Dungeon Crawl Stone Soup
Dungeon Crawl Stone Soup is a free and open source roguelike computer game, which is the actively community-developed successor of the 1997 roguelike game Linley’s Dungeon Crawl, originally programmed by Linley Henzell.
It’s identified as one of the “major roguelikes” by John Harris. Dungeon Crawl Stone Soup polled first in a 2008 poll of 371 roguelike players.
Dungeon Crawl Stone Soup is a roguelike game where the player creates a character and guides it through a dungeon, mostly consisting of persistent levels, full of monsters and items, with the goal of retrieving the “Orb of Zot” (a MacGuffin) located there, and escaping alive. To enter the Realm of Zot where the Orb is located, the player must first obtain at least three “runes of Zot” of the 15 available; these are located at the ends of diverse dungeon branches such as the Spider Nest, Tomb, and Slime Pits.
The game has an explicit design philosophy intended to provide interesting strategic and tactical choices within a balanced game; to offer replayability based on random dungeon generation; to make the game accessible and enjoyable without deep knowledge of its internal mechanics; and to present a friendly user interface that can optionally automate several tasks like exploration and searching for previously seen items.
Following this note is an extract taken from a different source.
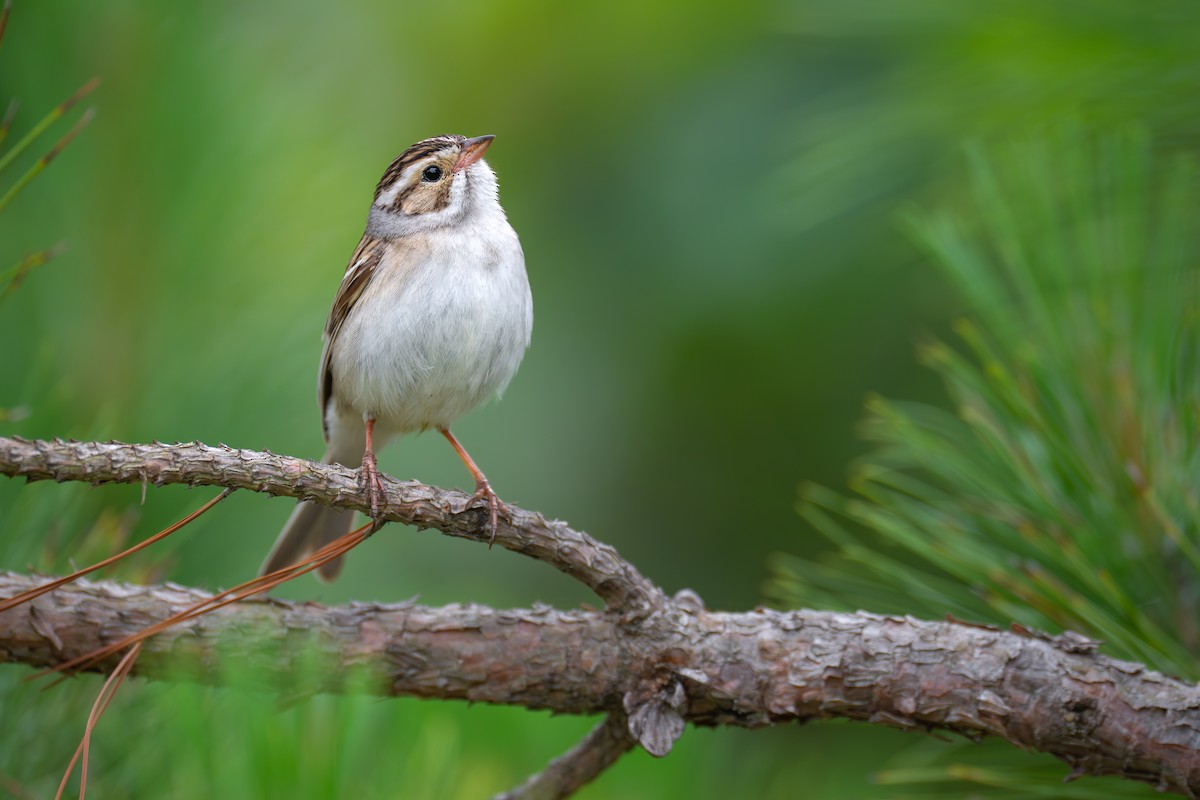 Clay-colored Sparrow - ML620682848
Conversely, the developer team seeks to avoid providing incentives for repeating boring actions without consideration, or providing illusory gameplay choices where one alternative is always superior.
Most levels are randomly generated to maximize variety, while the levels containing the objective items are randomly chosen between several manually-designed layouts, which usually contain random elements.